Baffled, Befuddled, and Bamboozled: Penn State Trustees and NCAA are Sinking

by WALTER BRASCH

When we last left the baffled and befuddled Penn State trustees, they were trying to figure out what happened in the Great NCAA Sanctimonious Sanction.

What happened is that the NCAA bamboozled university president Dr. Rodney Erickson. The NCAA—having spent most of its history figuring out ways to make college athletics even more prominent on college campuses—suddenly found religion, created new rules, didn’t conduct an investigation, and shredded anything resembling due process. Using the Freeh Report as its newly-found Bible, NCAA president Mark Emmert piously declared he wanted Penn State to “rebuild its athletic culture,” and preached the lesson that the NCAA hoped “to make sure that the cautionary tale of athletics overwhelming core values of the institution and losing sight of why we are really participating in these activities can occur.”

It was a neat little speech, probably written by PR people. But it couldn’t be Penn State he was referring to. Penn State athletes go to classes and graduate; its football team is often at or near the top of graduation rates for Division I football programs. The university itself, even with a well-recognized party culture, is well-known for numerous academic programs that are among the best in the country.

Nevertheless, Emmert somberly told Erickson that the NCAA was seriously considering the death penalty for Penn State. Death, in NCAA terms, means a suspension of the sport for at least one season. The only time the NCAA had issued the death penalty was in 1987 against Southern Methodist University for blatant and repeated recruiting violations. Death to the Nittany Lions football program would significant harm the university and private business, and affect far more than the football team, not one of them having been involved in what is now known as the Penn State Sandusky Scandal.
But, said Emmert, have we got a deal for you. If you sign on the dotted line, we won’t kill football at Penn State, we’ll just fine you $60 million, ban you from bowl games for four years, reduce the number of scholarships, vacate the 111 wins from 1998 to 2011, require you to follow everything the Freeh Report recommended, hire an athletics monitor, comply with everything we tell you, and place you on probation for five years.

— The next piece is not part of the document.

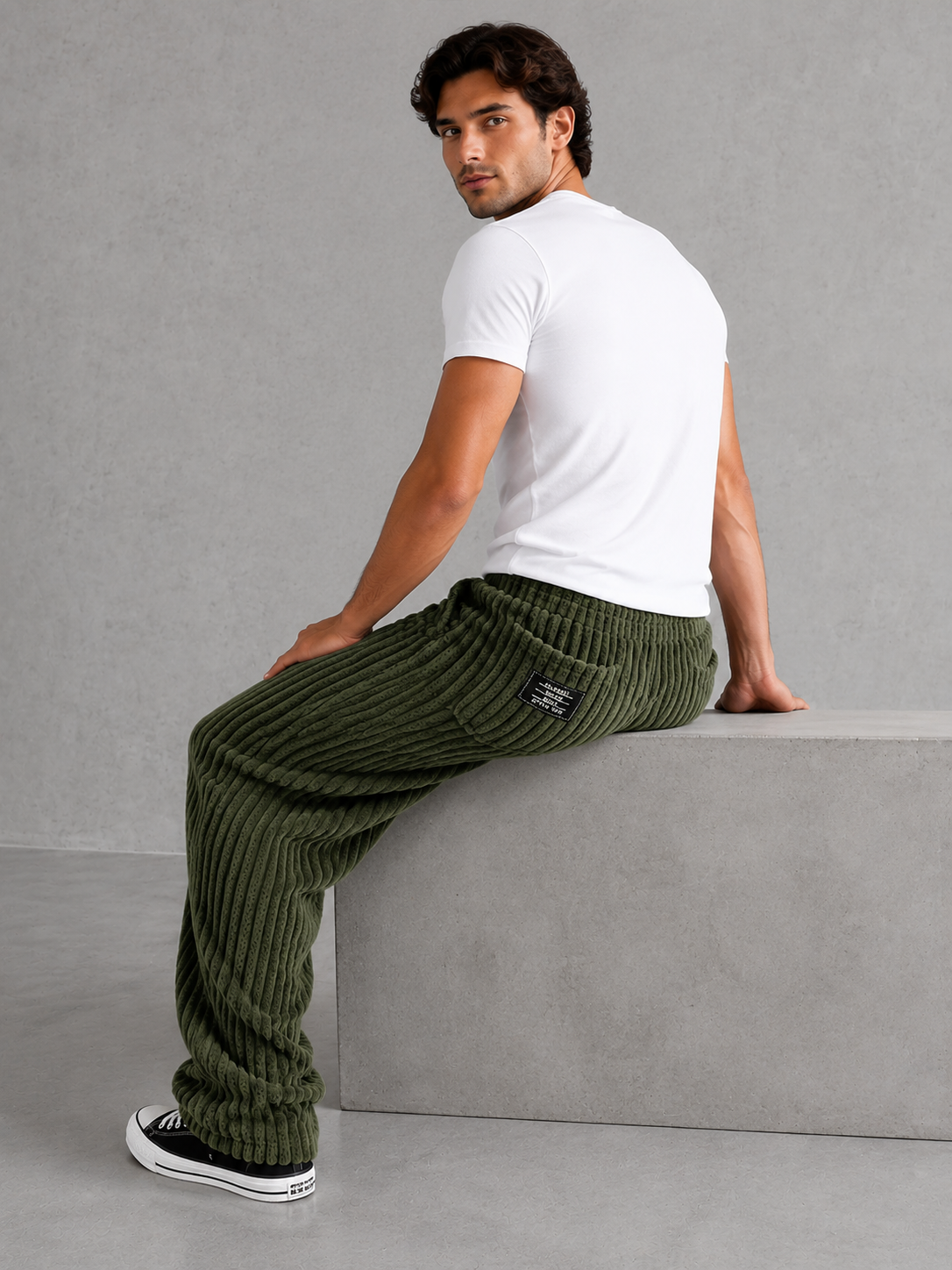 Pantalon Rowan de Danoir Paris en tissu noir avec taille haute et coupe élégante visible sur l'image.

Now, every career criminal and little ole lady who accidentally shoplifts knows the police and DA aren’t serious in their first presentment of charges. They overcharge, trying to scare the defendant into a plea bargain. Plea bargains allow DAs to claim high conviction rates, while not having to get all messy with such things as jury selection and presenting evidence. So, the defendant and the DA negotiate, and a few charges are thrown out, and the defendant agrees to a lesser offense—perhaps instead of felony burglary, it becomes a misdemeanor, complete with a small fine and probation—and everyone is happy.

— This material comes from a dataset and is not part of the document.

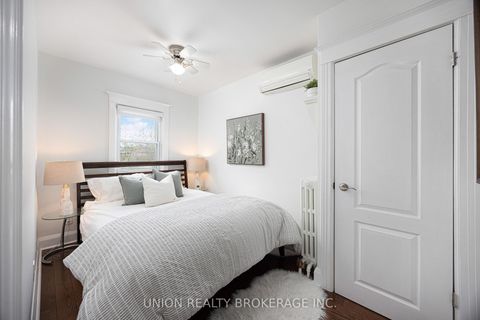 Photo 21 at 154 Blantyre Avenue, Cliffside, Toronto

Dr. Erickson, with Pigskin Proud drops of perspiration flowing freely, was so relieved his university wasn’t getting the electric chair, he agreed to whatever it was that the haughty NCAA demanded, and signed the consent decree that Penn State would never ever appeal the decision.

Back in State College, the trustees, as is their history, were clueless and furious.
For years, they thought their only functions were to approve whatever the university president told them needed approving, raise tuition and fees, and get their friends good seats at football games. Now they faced a greater problem.

They had previously proven they were inept in how they handled the scandal. They had previously violated state law by their secret meetings and failure to extend any semblance of due process to Coach Joe Paterno and president Graham Spanier. Then to hide their meltdown, they commissioned Louis Freeh, former FBI director, to conduct what they claimed was an independent investigation, for which the insurance company paid about $6.5 million.

True to what the Trustees wanted, Freeh miraculously decided that the Trustees needed to reassert their power, and that the people to blame, in addition to the convicted child molester, were the former president who resigned, a now-retired senior vice-president, a former athletic director, and the dead guy, also known as Joe Paterno. Problem solved.

However, there are still a few problems. The first problem is that the Freeh investigation is just that—a private investigation that was not subject to even the basic rules of due process, the right of individuals to subpoena witnesses and to challenge their accusers under oath.

The second problem is that Jerry Sandusky, convicted of an assortment of felonies, was not employed by the university or was a football coach at the time the crimes were committed. The first suspected felony in 1998 was not prosecuted by police or the DA. The second suspected felony, seen by a graduate assistant in 2002, was reported to Paterno who properly reported it to the persons in charge of athletics and the university police, as was university procedure. However, the university, apparently, chose not to report it to police or the DA. Sandusky had retired from Penn State in 1999, and had no connection to the football team..

The third problem is that Paterno and Spanier, who faced media hysteria and took the brunt of the Trustee condemnation, were never charged with having done anything illegal, nor did they ever face their accusers in court.

Enter Ryan McCombie, a Penn State alumnus who was elected to the Board in July as a reform candidate promising to get the Board and the university to be more accountable to the people and to protect the rights of accused. McCombie isn’t some wimp in the disguise of a corporate executive. He’s a retired commanding officer of Navy Seal Team Two, and not someone to be messed with.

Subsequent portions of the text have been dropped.